Das empfindet nicht nur die Krankenschwester Martina Weiß (Name geändert), die am Klinikum in Ebersbach beschäftigt ist, als ungerecht. Sie sagt: "Inzwischen herrscht bei uns auf jeder Station Frust, weil niemand versteht, warum es für die gleiche Arbeit hier mehrere hundert Euro weniger gibt als anderswo. Doch wenn wir uns an die Geschäftsleitung gewandt haben, sind wir nur immer ausgelacht worden." Häufig hätten sie sich gefragt, wozu es eigentlich einen Betriebsrat gebe, wenn der doch nichts für die Beschäftigten erreiche. "Irgendwann hat Gunther Lange uns dann aber klargemacht, dass sie ohne die Unterstützung der Mitarbeiter, ohne uns, nichts erreichen können. Das hat gewirkt."

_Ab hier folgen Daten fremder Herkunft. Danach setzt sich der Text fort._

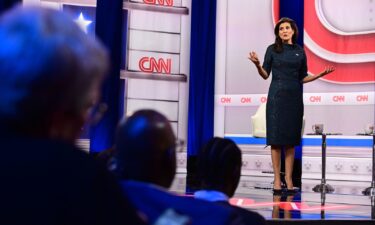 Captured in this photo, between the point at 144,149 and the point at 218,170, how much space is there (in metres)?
0.33

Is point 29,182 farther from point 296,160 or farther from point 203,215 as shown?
point 296,160

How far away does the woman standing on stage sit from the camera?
438cm

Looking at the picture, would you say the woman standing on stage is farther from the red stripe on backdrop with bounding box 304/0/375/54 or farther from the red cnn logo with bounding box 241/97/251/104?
the red cnn logo with bounding box 241/97/251/104

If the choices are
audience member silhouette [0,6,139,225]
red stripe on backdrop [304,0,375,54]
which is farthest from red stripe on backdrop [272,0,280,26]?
audience member silhouette [0,6,139,225]

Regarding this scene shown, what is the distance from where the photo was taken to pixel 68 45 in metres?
0.65

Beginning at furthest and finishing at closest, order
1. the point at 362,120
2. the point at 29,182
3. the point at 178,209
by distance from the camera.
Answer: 1. the point at 362,120
2. the point at 178,209
3. the point at 29,182

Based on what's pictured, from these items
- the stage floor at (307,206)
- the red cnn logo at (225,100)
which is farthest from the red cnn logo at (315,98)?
the stage floor at (307,206)

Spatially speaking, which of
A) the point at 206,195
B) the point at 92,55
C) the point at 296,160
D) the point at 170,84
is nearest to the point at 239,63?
the point at 170,84

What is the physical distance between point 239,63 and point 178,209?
22.2ft

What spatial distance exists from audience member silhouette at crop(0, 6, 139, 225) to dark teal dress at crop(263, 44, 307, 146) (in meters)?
3.80

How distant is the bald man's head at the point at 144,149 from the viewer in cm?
89

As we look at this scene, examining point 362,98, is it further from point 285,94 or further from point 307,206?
point 307,206

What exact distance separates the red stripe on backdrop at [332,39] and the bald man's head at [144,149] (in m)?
6.34

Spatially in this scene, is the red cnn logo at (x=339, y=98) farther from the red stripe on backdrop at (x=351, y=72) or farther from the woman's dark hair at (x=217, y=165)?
the woman's dark hair at (x=217, y=165) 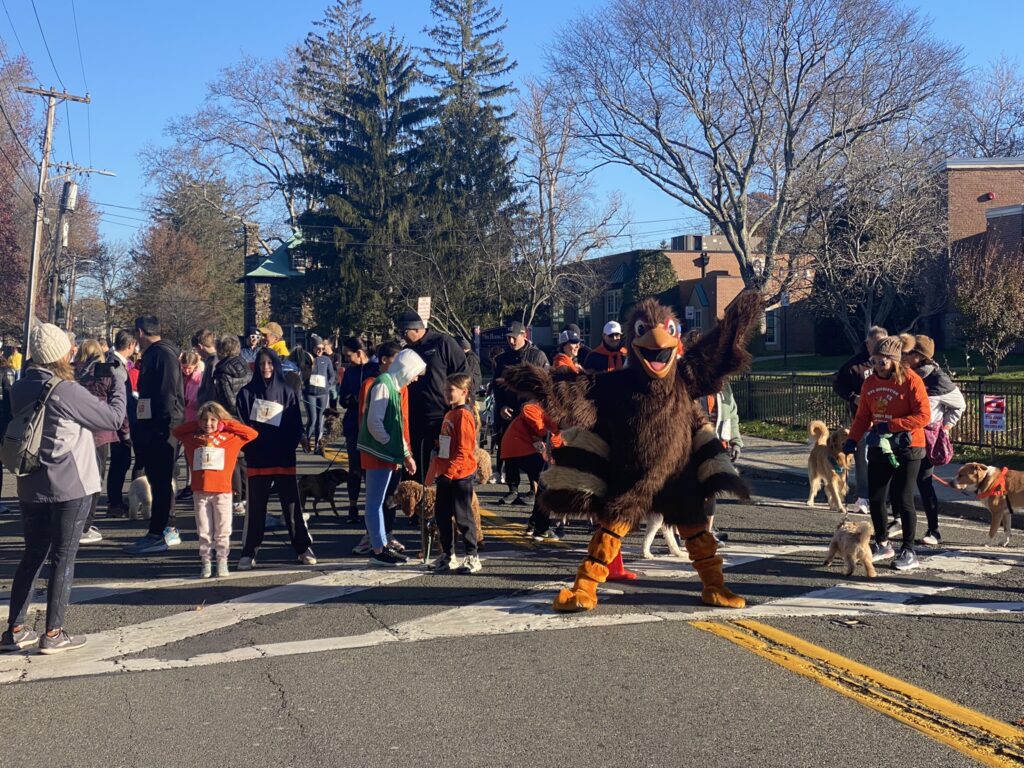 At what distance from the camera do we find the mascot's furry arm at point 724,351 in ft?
22.1

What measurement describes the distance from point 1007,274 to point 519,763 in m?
22.9

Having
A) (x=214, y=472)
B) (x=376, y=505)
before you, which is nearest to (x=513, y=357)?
(x=376, y=505)

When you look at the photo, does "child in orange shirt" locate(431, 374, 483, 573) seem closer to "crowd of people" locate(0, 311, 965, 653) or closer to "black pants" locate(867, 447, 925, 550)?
"crowd of people" locate(0, 311, 965, 653)

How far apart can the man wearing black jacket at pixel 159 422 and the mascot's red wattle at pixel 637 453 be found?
394cm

Mit neuem Selbstbewusstsein

Es habe gedauert, bis das wirklich bei den Kolleg/innen angekommen sei, sagt Gunther Lange. Viele Gespräche waren nötig, aber dann habe die Sache eine Eigendynamik entwickelt. Schließlich hatten 150 Beschäftigte aus der Pflege den ver.di-Aufnahmeantrag ausgefüllt. "Die Leute haben jetzt ein neues Selbstbewusstsein - auch, weil Fachkräfte in unserer Region inzwischen knapp sind und man ihnen heute nicht mehr damit drohen kann, dass es Dutzende andere gibt, die den Job gern machen würden." Mit dieser neuen Stärke wollen Lange und ver.di-Sekretär Happich jetzt endlich bessere Arbeitsbedingungen durchsetzen: Im Januar haben sie einen "Schlachtplan" entwickelt und eine Tarifgruppe gebildet. Als nächstes soll es in Ebersbach und Zittau wieder Tarifverhandlungen geben. Auch in der Rehaklinik Löbau, meint Lange, wären Verbesserungen möglich. "Wenn die Leute dort sich nur endlich organisieren würden!"